Almost half (46%) of South Africans believe that the constitution is the basic law of the land and should not be changed, say results from Ipsos’s “Pulse of the People” poll, conducted between April and May this year.
“With recent calls for changes to section 25 of the Constitution, the debate around constitutional changes has been a topic of contemplation for many South Africans,” states Ipsos Public Affairs Director Mari Harris.
Some 16% of respondents believe the constitution could be changed with almost three in ten (28%) being neutral on the subject and 10% not knowing.
A significant portion (41%) of the population believes that changing the constitution will limit the freedom of South Africans. This view is slightly more pronounced amongst Democratic Alliance (DA) supporters (46%) as opposed to African National Congress (ANC) supporters (42%).
On the other hand, just over a third (33%) of respondents believe that the constitution as it stands is slowing down transformation in the country. This belief is significantly more prevalent amongst ANC supporters (37%) than DA supporters (30%), with DA supporters showing a much stronger inclination away from this statement with 29% disagreeing that it is slowing down transformation.
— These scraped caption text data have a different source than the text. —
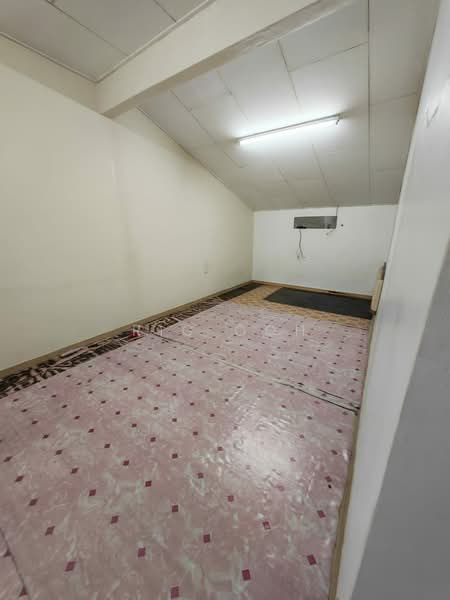 Rumah Teres 1.5 Tingkat untuk Dijual di Taman Desa Makmur (Lunas) - Ric Goh - Interior - PropertyGuru.com.my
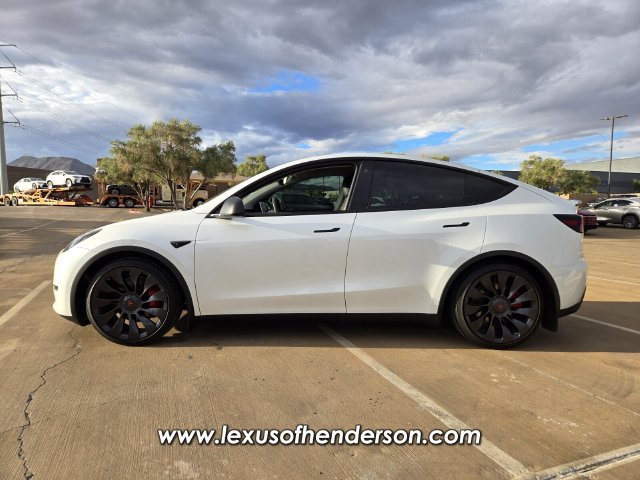 Used 2023 Tesla Model Y Performance AWD/4WD image 3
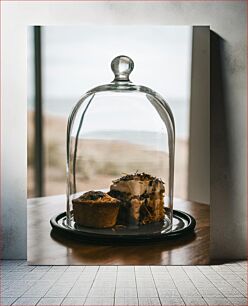 Πίνακας, Cakes Under Glass Cloche Κέικ κάτω από γυαλί Κλοσέ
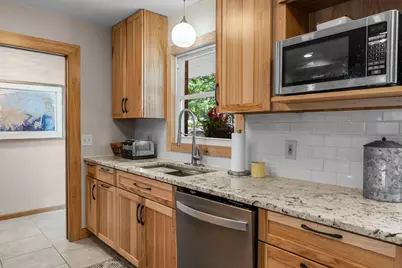 9218 Russell Avenue S, Bloomington, MN 55431 - Photo 24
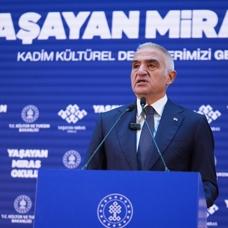 Ya�ayan Miras Okulu a��ld�... Bakan Ersoy: Ge�mi�imizin hazinelerini, gelece�imizin hazinelerine aktar�yoruz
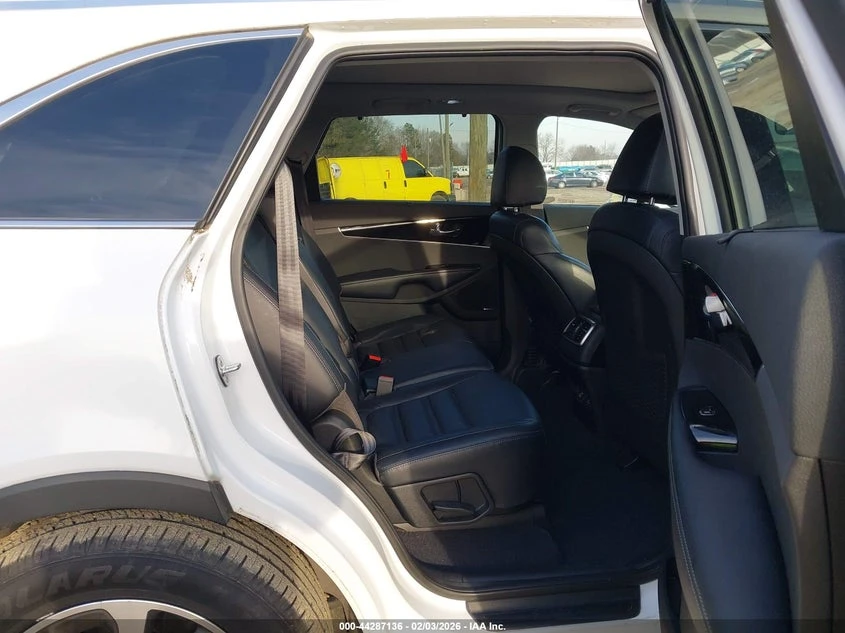 Kia Sorento 3.3L V-6 DI, DOHC, VVT, 290HP Front Wheel Drive | Mobile.bg � ����������� 8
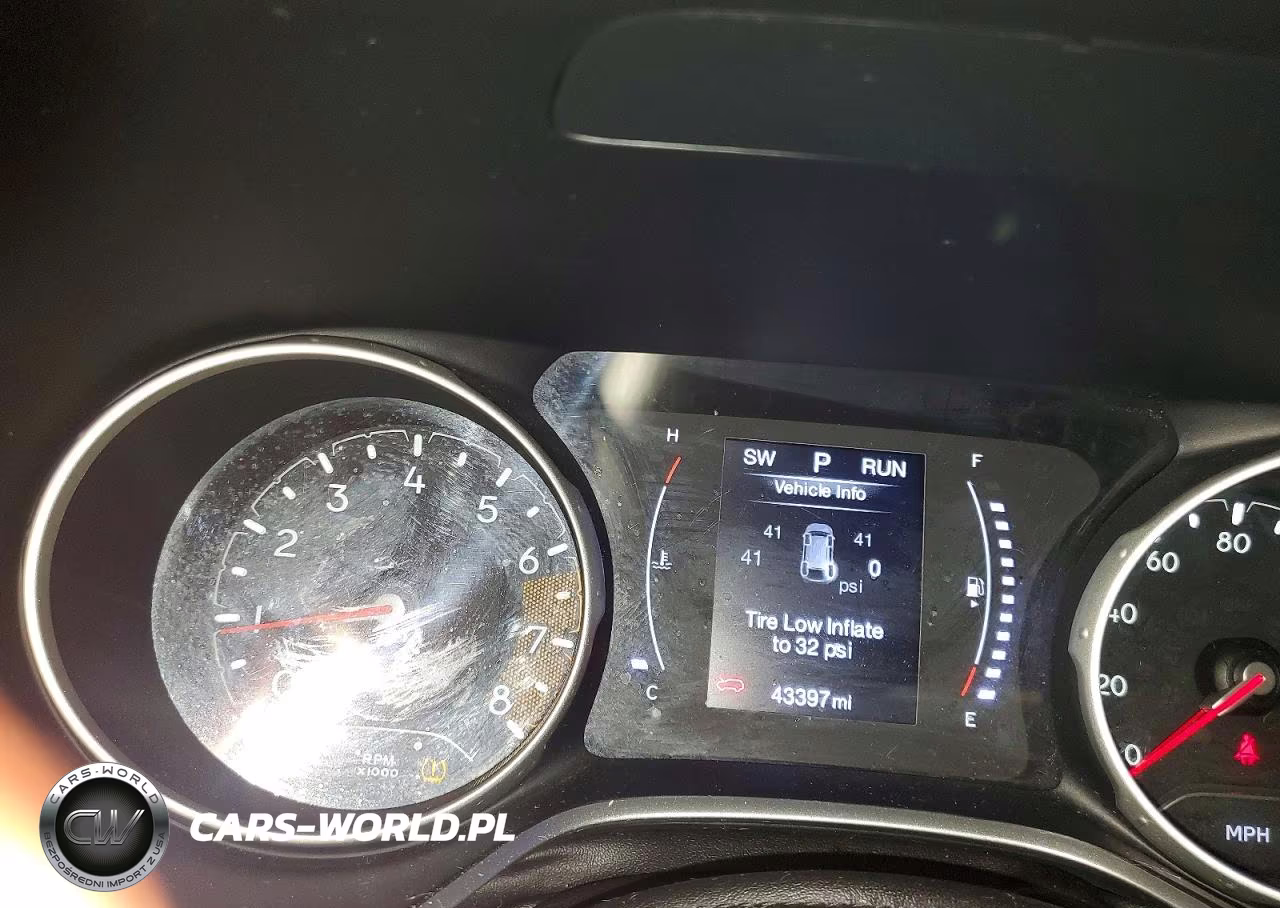 2018 Jeep Compass Latitude VIN:3C4NJDBB2JT349822 - 9
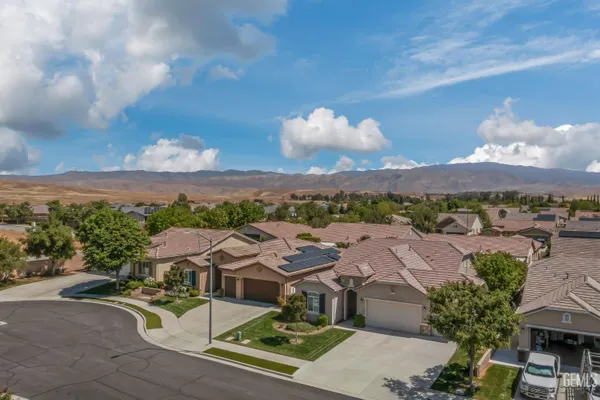 Property Slideshow image 2 of 53 | 6409 dover pl, Bakersfield, CA, 93306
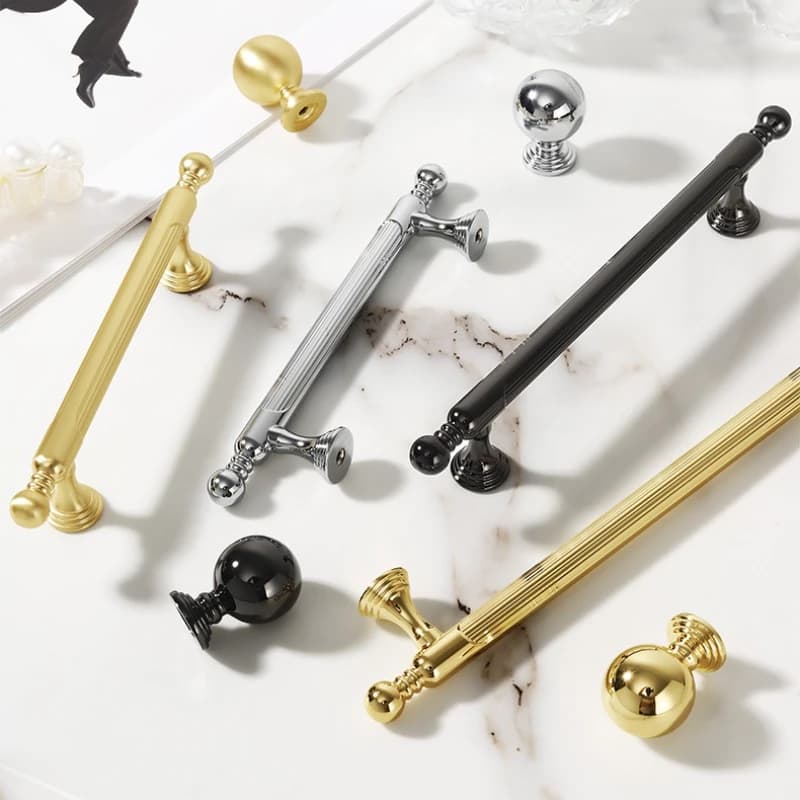 Maniglie moderne e semplici per mobili Maniglie in oro brillante per guardaroba e cassetti Maniglie per mobili da cucina
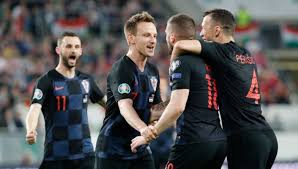 أعلن زلاتكو داليتش، المدير الفني لمنتخب كرواتيا، تشكيل منتخب بلاده لمباراة أسكتلندا، اليوم الثلاثاء، في الجولة الثالثة للمجموعة الرابعة بكأس الأمم الأوروبية يورو 2020. ÙƒØ±ÙˆØ§ØªÙŠØ§ ØªØªØ³Ù„Ø­ Ø¨Ø¬ÙŠÙ„ Ø¬Ø¯ÙŠØ¯ Ù„Ù„Ø°Ù‡Ø§Ø¨ Ø¨Ø¹ÙŠØ¯Ø§ ÙÙŠ ÙƒØ£Ø³ Ø£Ù…Ù… Ø£ÙˆØ±ÙˆØ¨Ø§ 2020 ØµØ­Ø§ÙØ© Ø§Ù„Ø¬Ø¯ÙŠØ¯ Ø±ÙŠØ§Ø¶Ø©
“This view that the constitution is hampering transformation is likely influenced by numerous requests to change some aspects of it by the ANC L and Numsa, as well as significant writing on the subject in the media over the past year,” comments Harris.
Almost half (48%) of the ANC’s supporters are of the opinion that if they want to, the ANC could make changes to the constitution. A far smaller portion (25%) of DA supporters believe this and 41% of the general population agree that the ANC could make the changes if they wanted to.
“ANC supporters are very aware of the dominance of their party and the power it carries to change the basic law of the land,” notes Harris. Thirty-two per cent of respondents are neutral and 12% do not know if the ANC could make the changes if they wanted to.